Şekil 8: Politika önerisi sonucu. Kaynak: TÜSEV Sivil Toplum Değerlendirme Raporu Ekim 2009 – Eylül 2010.

STK’ların karar alma sürecine katılımı söz konusu olduğunda akla gelen ilk yer TBMM’dir. Bu konuda yasama faaliyetlerinin şeffaflığı son derece önemlidir. TBMM’ye bakıldığında İhtisas Komisyonlarında hazırlanan 5.242 adet gündem, ilgili bakanlıklara ve sivil toplum kuruluşlarına ulaştırılmıştır. STK’ların dileği, bu görüşlerin nasıl değerlendirildiğine dair bir geribildirim mekanizması kurulması ve toplantı düzenlenerek sürecin şeffaf ve takip edilir hale getirilmesidir (Ersen, ve diğerleri,

Şeffaflık ve hesapverebilirlik açısından STK’ların kamudan bilgi almaları ve bu yolla da denetim yapabilmeleri için önemli bir mekanizma olan Bilgi Edinme Kanunu’da AB üyelik sürecinin önemli yasal kazanımlarından biridir. Ancak uygulamada birçok sorun hala varlığını sürdürmektedir. 2010 yılı Bilgi Edinme Genel Raporu’na göre, 2010 yılı içerisinde Bakanlıklara toplam 1.353.620 bilgi edinme başvurusu yapılmış; bu başvurulardan 1.098.870 tanesine olumlu cevap verilmiş, 89.749 başvuru ise red edilmiştir (Ersen, ve diğerleri, 2011:23). Bilgi edinme başvurularına dair toplam rakam bir gelişme olarak kaydedilirken, alınan cevapların başvuru sahipleri için tatmin edici olup olmadığı ya da red edilme sebeplerinin geçerliliğine dair bilgi ve değerlendirme bulunmamaktadır. Bu durum kanunun verimliliğinin ölçümlenmesinde ve sistemin iyileştirilmesinde önemli bir engeldir.
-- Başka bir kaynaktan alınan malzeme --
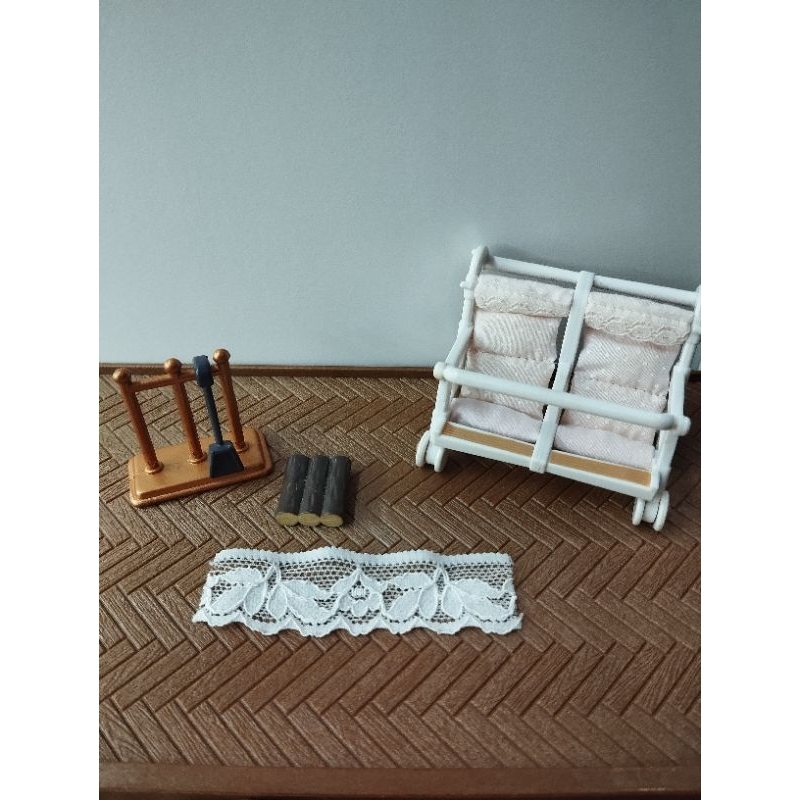 Sylvanian Families Part Fireplace & Stroller Preloved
Teknolojinin gelişmesi ve internetin yaygınlaşmasıyla, kamunun bilgi verme kaynağı olarak internetten daha fazla yararlanması da sevindirici bir gelişmedir. Tüm kamu kurumları geçtiğimiz dönemlerde internet alt yapısına kavuşmuş ve internet sayfalarını oluşturmuşlardır. Burada dikkat çekici husus, bu sayfalar arasındaki farklılıklardır. Bazı internet sayfaları son derece kapsamlı ve güncel bilgiler içerirken bazılarında tam tersi bir durumla karşılaşılabilinmektedir. STK’ları doğrudan ilgilendiren Dernekler Dairesi Başkanlığı ve Vakıflar Genel Müdürlüğü web sitesi incelendiğinde güncel bilgilere ulaşmak her zaman mümkün olmayabilmektedir. Bunun yanında, kamu kurumlarının elektronik posta yolu hatta diğer iletişim araçlarıyla STK’ları bilgilendirilmesinde de önemli sıkıntılar yaşanmaktadır. Birçok AB ülkesinde önemli gelişmeler ve mevzuat değişiklikleri kamu kuruluşları tarafından STK’lara bildirilmekte iken Türkiye’de benzer bir mekanizma bulunmamakta ve iletişimde kopukluklar yaşanmaktadır.

Danışma

Yönetişimin hızla yaygınlaştığı günümüzde karar alma ve kanun yapma konusunda hem merkezi yönetim, hem de yerel yönetimin çeşitli alanlarında alınan kararlarda STK’lara danışıldığından sıklıkla bahsedilmektedir. Karar alma süreçlerinde STK katılımına verilen önem dikkat çekici olmasına rağmen, danışma süreçleri ve danışılan sivil toplum kuruluşlarının çeşitliliği konusundaki belirsizlikler bu süreçle ilgili soru işaretlerini artırmaktadır. STK’lara danışmanın kanunlarca belirlenmiş bir şekli ya da uygulaması

olmaması da süreci kişilerin ve kurumların şekillendirmesine sebep olmakta ve sivil toplum kuruluşları tarafından da dile getirilen şeffaflıkla ilgili çeşitli soruların gündeme getirilmesine sebep olmaktadır (Ersen, ve diğerleri, 2011:24).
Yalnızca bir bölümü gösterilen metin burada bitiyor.